====== Recorded information

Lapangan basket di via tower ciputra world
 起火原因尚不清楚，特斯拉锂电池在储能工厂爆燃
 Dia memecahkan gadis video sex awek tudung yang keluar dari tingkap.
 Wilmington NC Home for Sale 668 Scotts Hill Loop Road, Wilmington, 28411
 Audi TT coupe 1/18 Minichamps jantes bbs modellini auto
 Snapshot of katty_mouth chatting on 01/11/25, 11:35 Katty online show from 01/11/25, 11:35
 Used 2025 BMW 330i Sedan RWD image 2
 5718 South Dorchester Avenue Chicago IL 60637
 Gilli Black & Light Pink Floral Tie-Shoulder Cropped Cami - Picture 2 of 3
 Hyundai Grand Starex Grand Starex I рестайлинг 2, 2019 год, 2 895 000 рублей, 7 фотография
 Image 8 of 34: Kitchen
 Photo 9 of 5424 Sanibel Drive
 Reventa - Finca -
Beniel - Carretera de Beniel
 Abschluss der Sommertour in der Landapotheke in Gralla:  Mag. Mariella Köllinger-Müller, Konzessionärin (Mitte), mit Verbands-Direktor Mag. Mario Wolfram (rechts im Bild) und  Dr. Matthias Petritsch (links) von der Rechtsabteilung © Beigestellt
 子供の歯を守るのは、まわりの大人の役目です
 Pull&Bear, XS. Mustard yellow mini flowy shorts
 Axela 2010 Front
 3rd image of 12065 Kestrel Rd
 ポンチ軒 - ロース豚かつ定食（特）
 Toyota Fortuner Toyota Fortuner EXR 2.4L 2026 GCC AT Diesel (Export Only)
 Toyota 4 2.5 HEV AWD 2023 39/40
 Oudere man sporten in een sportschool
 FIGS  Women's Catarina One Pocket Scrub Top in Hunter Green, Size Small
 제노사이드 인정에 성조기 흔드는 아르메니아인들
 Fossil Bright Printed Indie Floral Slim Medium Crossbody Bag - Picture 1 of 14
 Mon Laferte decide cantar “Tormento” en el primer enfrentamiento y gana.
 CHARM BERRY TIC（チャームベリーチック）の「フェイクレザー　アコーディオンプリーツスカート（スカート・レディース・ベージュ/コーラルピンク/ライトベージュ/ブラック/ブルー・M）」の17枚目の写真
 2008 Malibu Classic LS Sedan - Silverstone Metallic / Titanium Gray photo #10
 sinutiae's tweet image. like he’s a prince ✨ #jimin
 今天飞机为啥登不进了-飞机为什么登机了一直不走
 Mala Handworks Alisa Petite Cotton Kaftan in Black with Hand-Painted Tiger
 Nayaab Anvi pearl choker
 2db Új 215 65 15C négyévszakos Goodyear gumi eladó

============

● Work task
Reproduce the data above in full. Leave nothing out.

● Task result
Lapangan basket di via tower ciputra world
 起火原因尚不清楚，特斯拉锂电池在储能工厂爆燃
 Dia memecahkan gadis video sex awek tudung yang keluar dari tingkap.
 Wilmington NC Home for Sale 668 Scotts Hill Loop Road, Wilmington, 28411
 Audi TT coupe 1/18 Minichamps jantes bbs modellini auto
 Snapshot of katty_mouth chatting on 01/11/25, 11:35 Katty online show from 01/11/25, 11:35
 Used 2025 BMW 330i Sedan RWD image 2
 5718 South Dorchester Avenue Chicago IL 60637
 Gilli Black & Light Pink Floral Tie-Shoulder Cropped Cami - Picture 2 of 3
 Hyundai Grand Starex Grand Starex I рестайлинг 2, 2019 год, 2 895 000 рублей, 7 фотография
 Image 8 of 34: Kitchen
 Photo 9 of 5424 Sanibel Drive
 Reventa - Finca -
Beniel - Carretera de Beniel
 Abschluss der Sommertour in der Landapotheke in Gralla:  Mag. Mariella Köllinger-Müller, Konzessionärin (Mitte), mit Verbands-Direktor Mag. Mario Wolfram (rechts im Bild) und  Dr. Matthias Petritsch (links) von der Rechtsabteilung © Beigestellt
 子供の歯を守るのは、まわりの大人の役目です
 Pull&Bear, XS. Mustard yellow mini flowy shorts
 Axela 2010 Front
 3rd image of 12065 Kestrel Rd
 ポンチ軒 - ロース豚かつ定食（特）
 Toyota Fortuner Toyota Fortuner EXR 2.4L 2026 GCC AT Diesel (Export Only)
 Toyota 4 2.5 HEV AWD 2023 39/40
 Oudere man sporten in een sportschool
 FIGS  Women's Catarina One Pocket Scrub Top in Hunter Green, Size Small
 제노사이드 인정에 성조기 흔드는 아르메니아인들
 Fossil Bright Printed Indie Floral Slim Medium Crossbody Bag - Picture 1 of 14
 Mon Laferte decide cantar “Tormento” en el primer enfrentamiento y gana.
 CHARM BERRY TIC（チャームベリーチック）の「フェイクレザー　アコーディオンプリーツスカート（スカート・レディース・ベージュ/コーラルピンク/ライトベージュ/ブラック/ブルー・M）」の17枚目の写真
 2008 Malibu Classic LS Sedan - Silverstone Metallic / Titanium Gray photo #10
 sinutiae's tweet image. like he’s a prince ✨ #jimin
 今天飞机为啥登不进了-飞机为什么登机了一直不走
 Mala Handworks Alisa Petite Cotton Kaftan in Black with Hand-Painted Tiger
 Nayaab Anvi pearl choker
 2db Új 215 65 15C négyévszakos Goodyear gumi eladó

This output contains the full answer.